Skip the pictures, please, and write out exactly the lines from the opening of the data through the line containing "Christmas Santa Riding".

## Dataset excerpts:

-=-=-=-=-

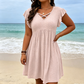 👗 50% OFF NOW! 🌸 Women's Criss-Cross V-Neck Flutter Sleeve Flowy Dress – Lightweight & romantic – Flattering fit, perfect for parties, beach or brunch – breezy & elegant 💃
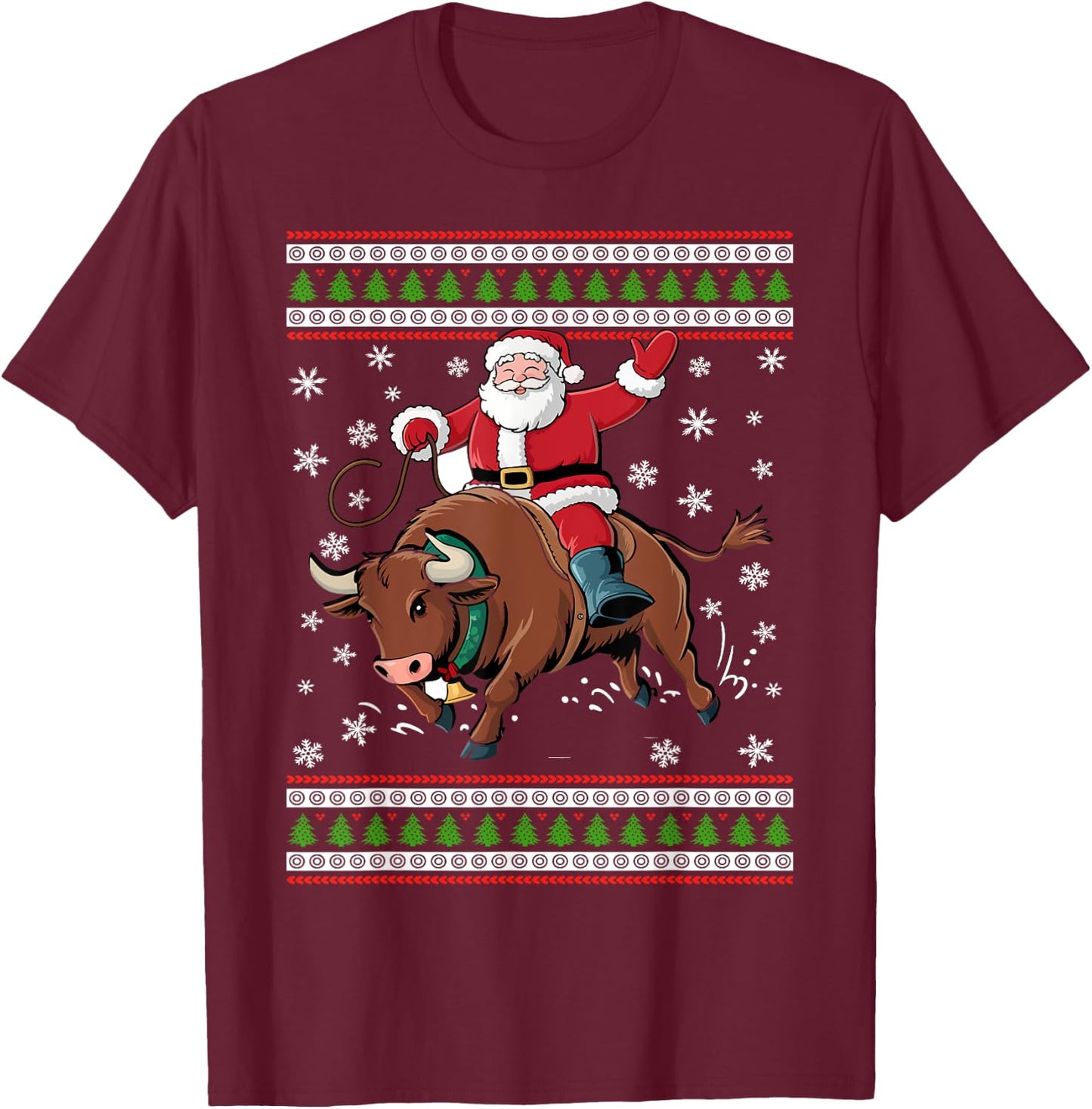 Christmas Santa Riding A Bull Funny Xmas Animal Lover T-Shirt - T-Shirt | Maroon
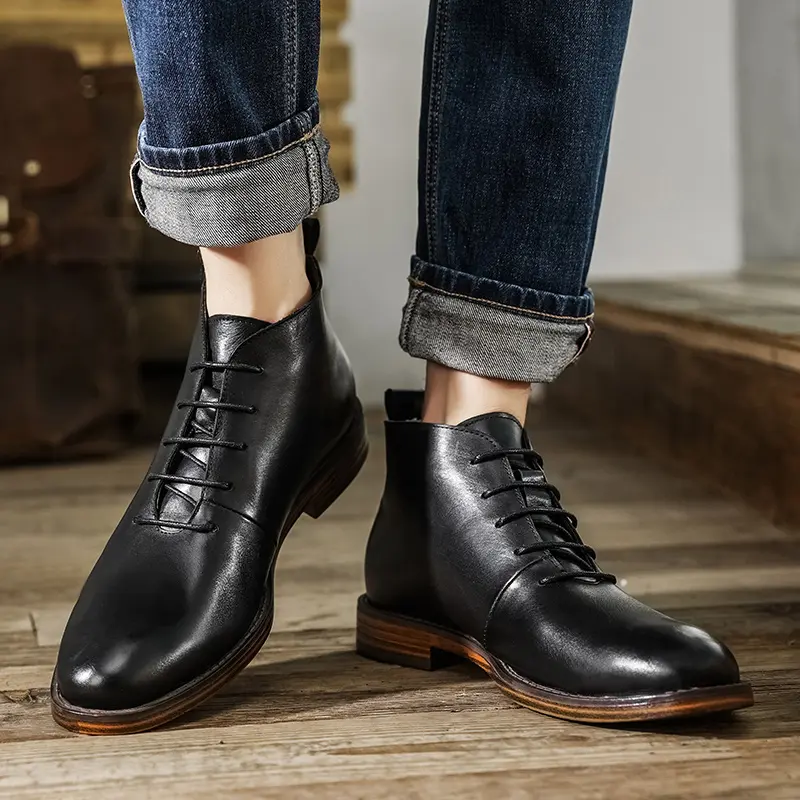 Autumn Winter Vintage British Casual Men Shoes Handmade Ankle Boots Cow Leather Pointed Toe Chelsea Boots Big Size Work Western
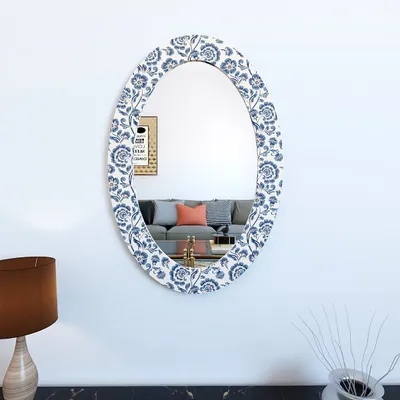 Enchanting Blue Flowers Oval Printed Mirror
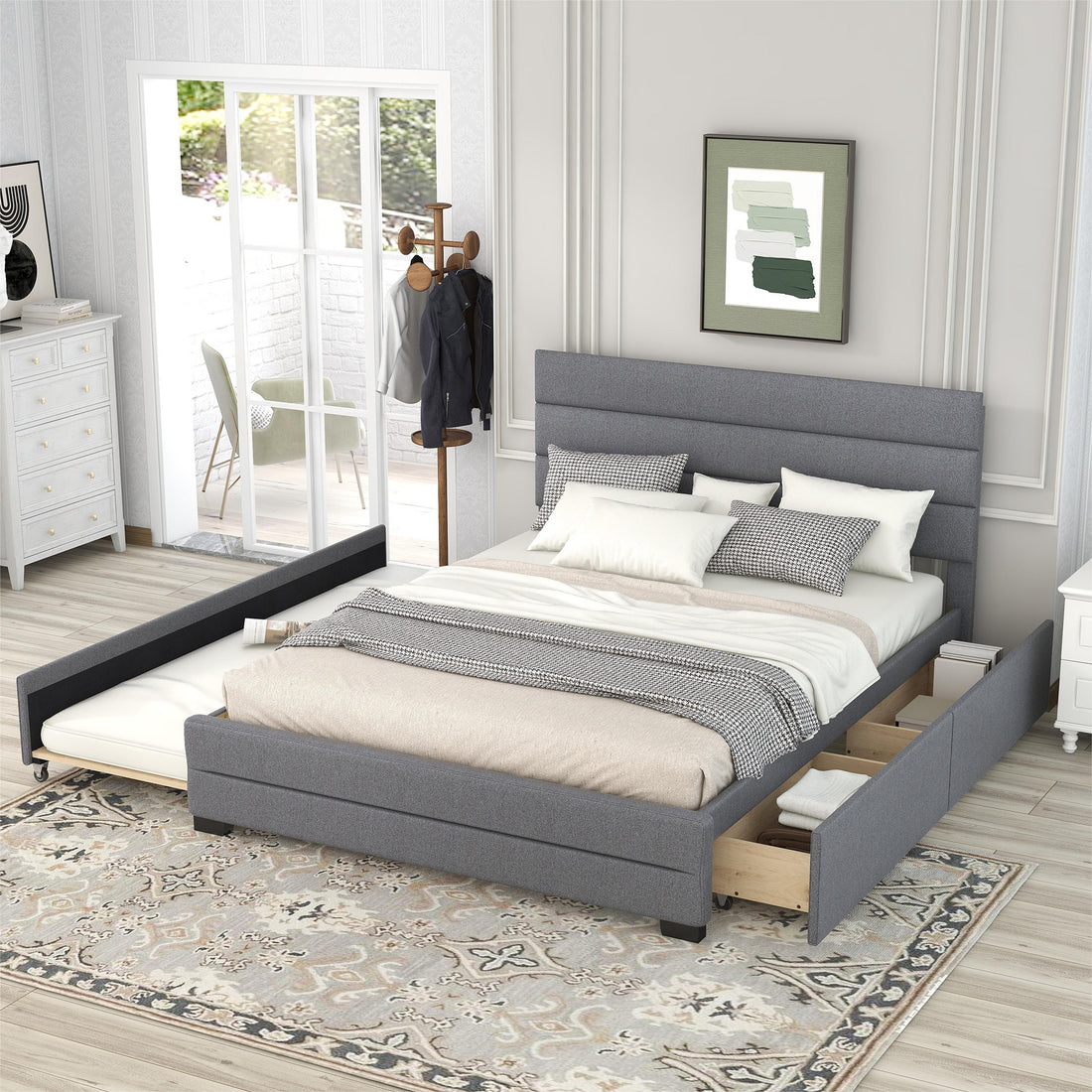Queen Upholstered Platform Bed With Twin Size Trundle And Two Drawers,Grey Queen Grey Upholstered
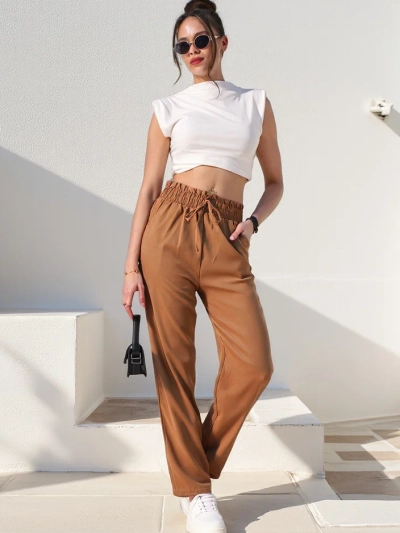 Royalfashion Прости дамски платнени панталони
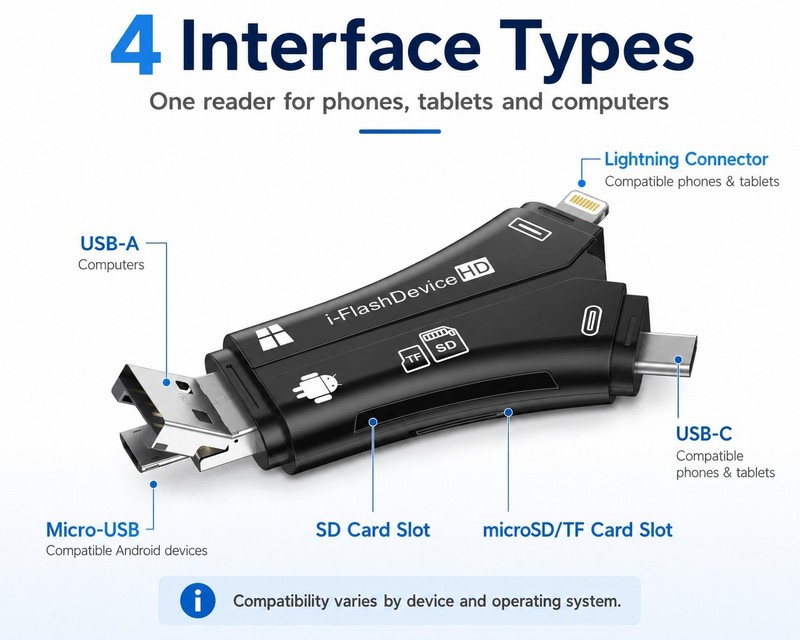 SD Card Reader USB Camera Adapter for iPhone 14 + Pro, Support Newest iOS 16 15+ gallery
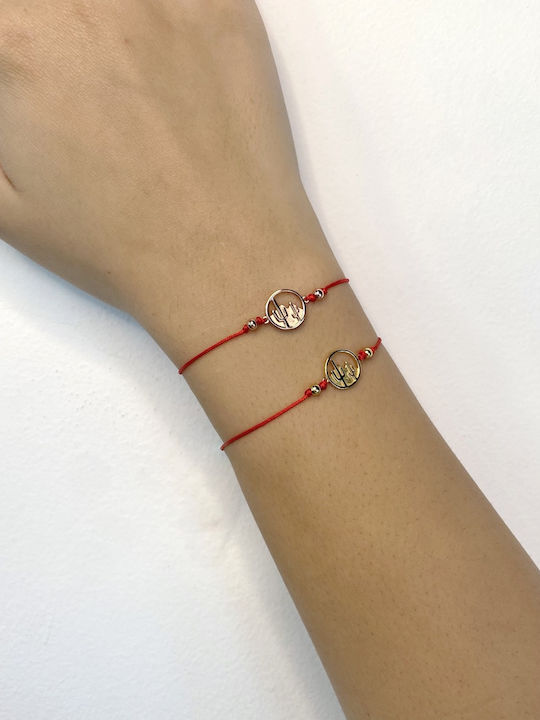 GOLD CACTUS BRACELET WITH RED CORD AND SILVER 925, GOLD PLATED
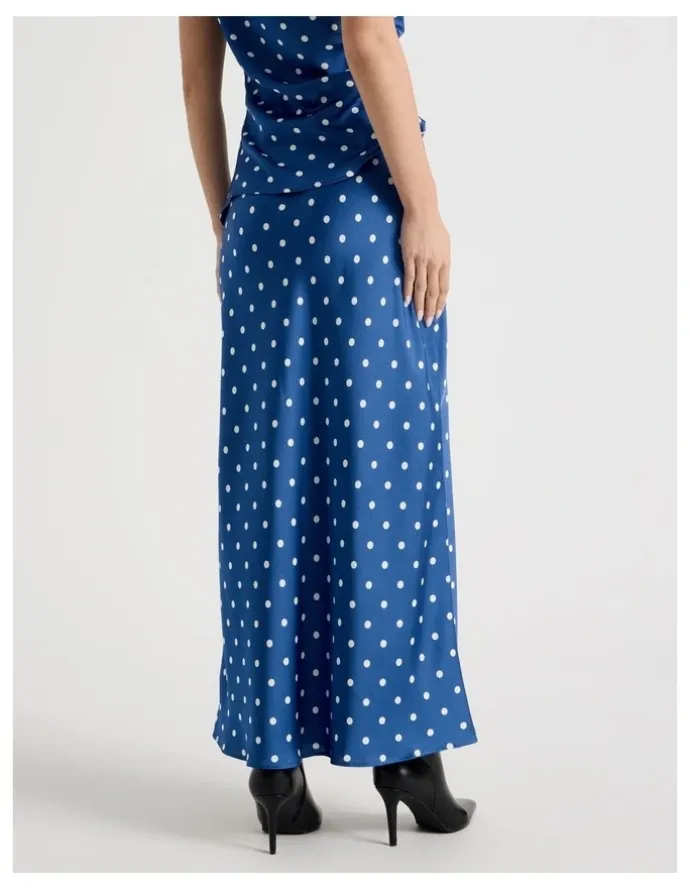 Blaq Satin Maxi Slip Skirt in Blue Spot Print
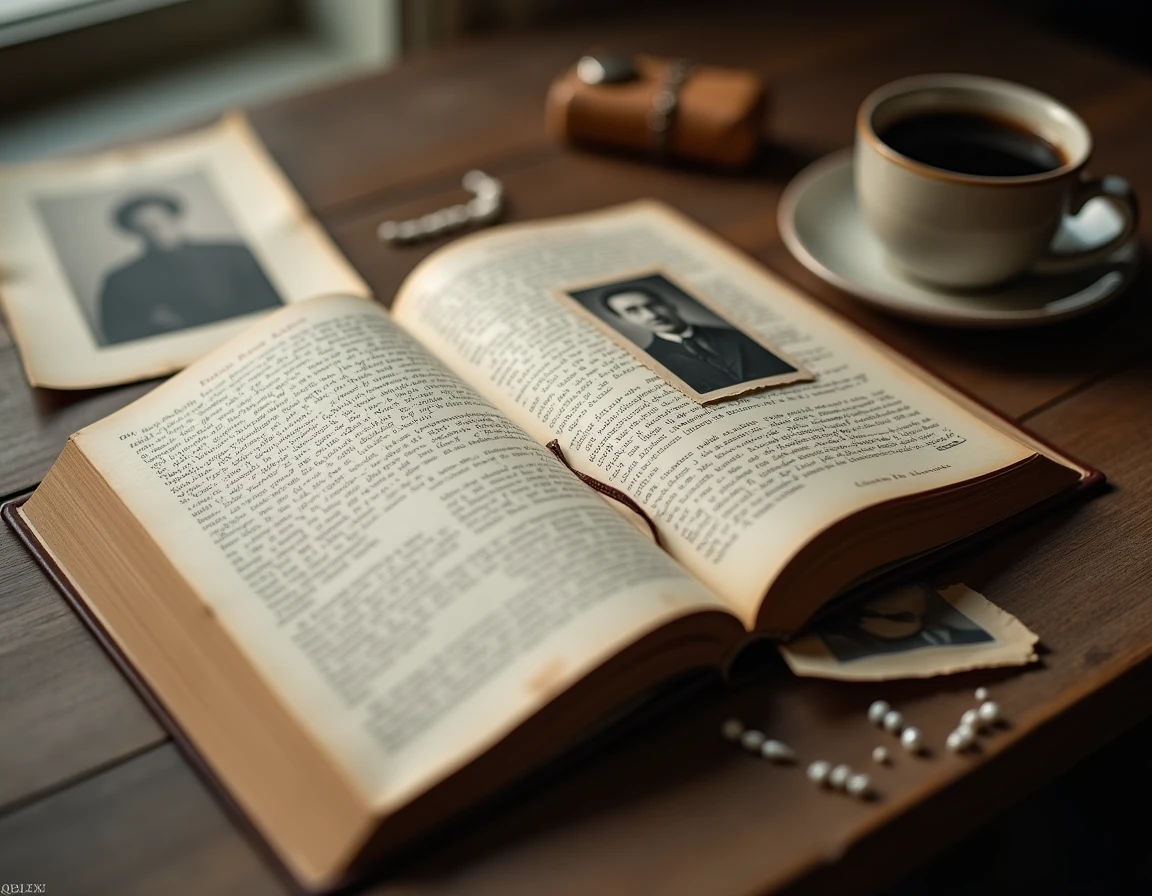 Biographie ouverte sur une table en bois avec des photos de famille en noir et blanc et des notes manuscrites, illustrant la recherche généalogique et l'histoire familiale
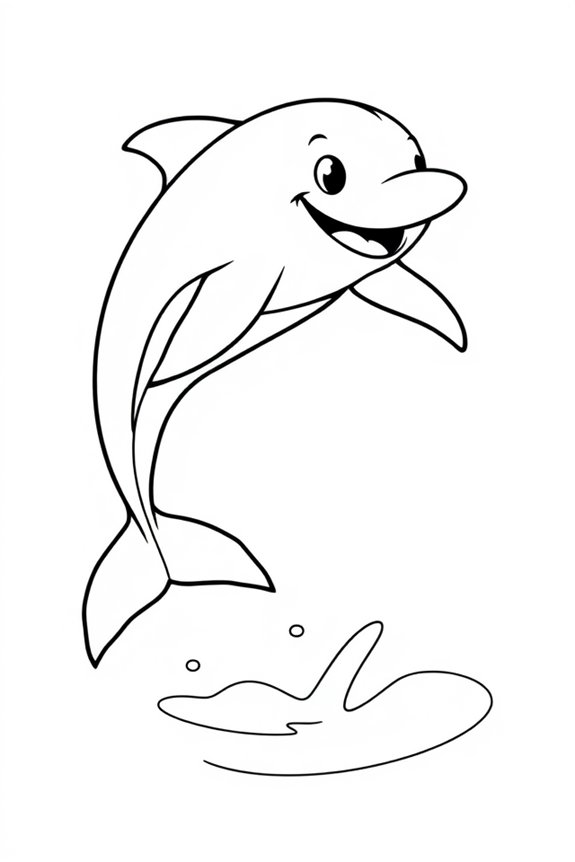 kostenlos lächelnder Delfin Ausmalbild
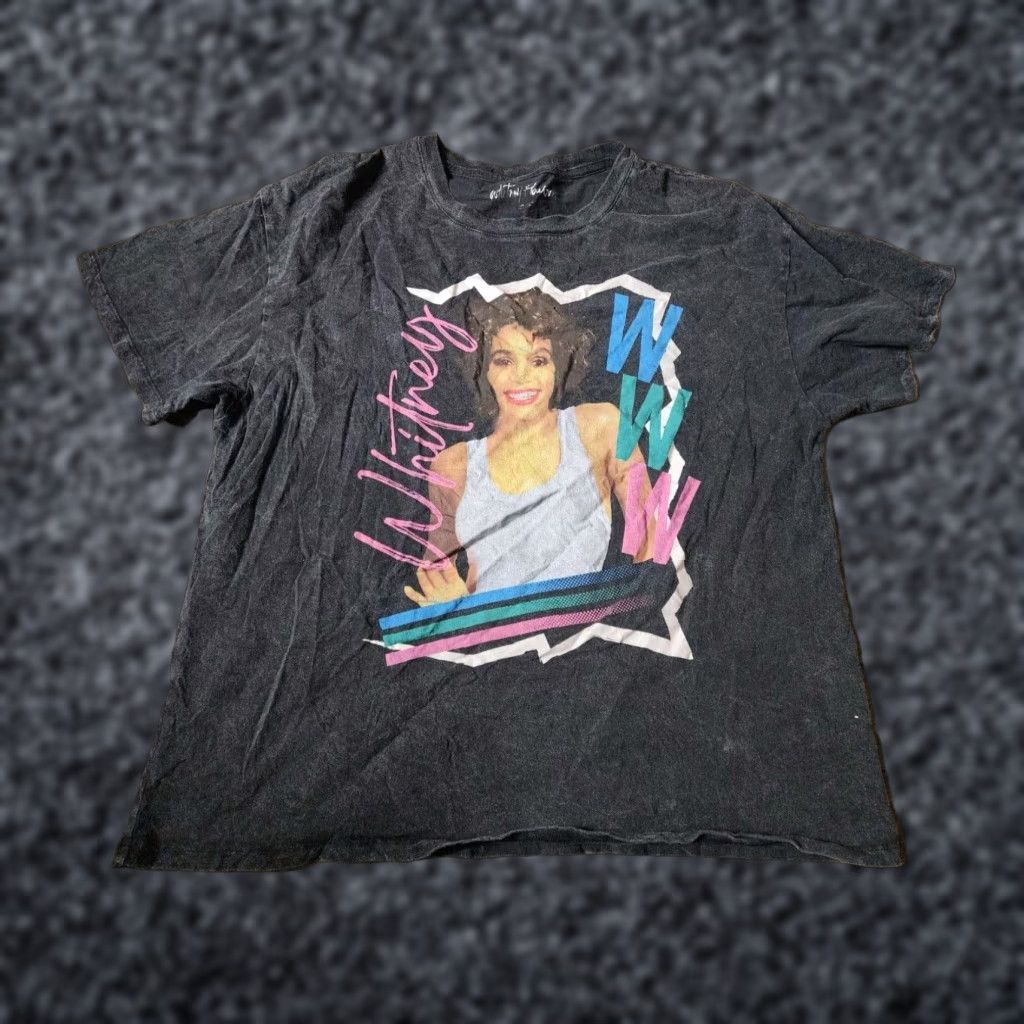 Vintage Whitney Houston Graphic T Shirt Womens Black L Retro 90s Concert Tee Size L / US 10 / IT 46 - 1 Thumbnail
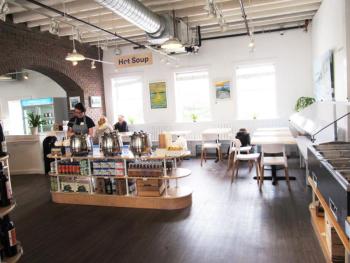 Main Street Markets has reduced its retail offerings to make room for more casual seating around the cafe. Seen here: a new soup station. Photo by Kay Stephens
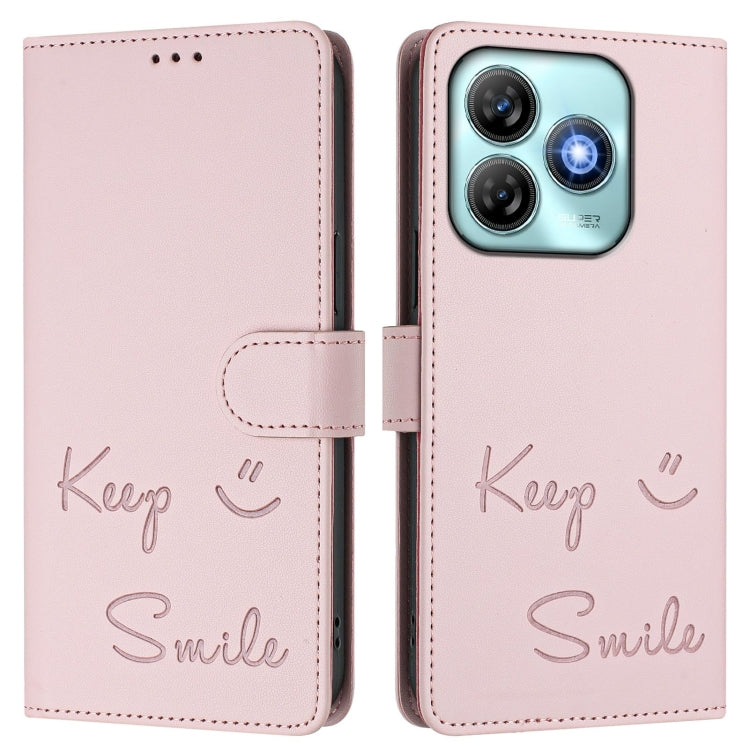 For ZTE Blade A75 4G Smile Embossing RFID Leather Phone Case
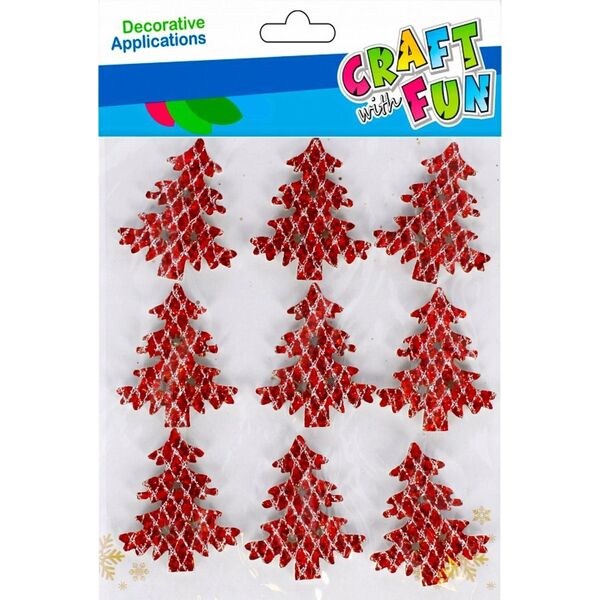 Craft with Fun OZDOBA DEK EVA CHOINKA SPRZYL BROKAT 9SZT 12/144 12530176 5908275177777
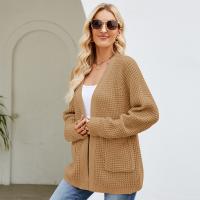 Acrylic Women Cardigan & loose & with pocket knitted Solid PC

-=-=-=-=-

## Written answer:
 👗 50% OFF NOW! 🌸 Women's Criss-Cross V-Neck Flutter Sleeve Flowy Dress – Lightweight & romantic – Flattering fit, perfect for parties, beach or brunch – breezy & elegant 💃
 Christmas Santa Riding A Bull Funny Xmas Animal Lover T-Shirt - T-Shirt | Maroon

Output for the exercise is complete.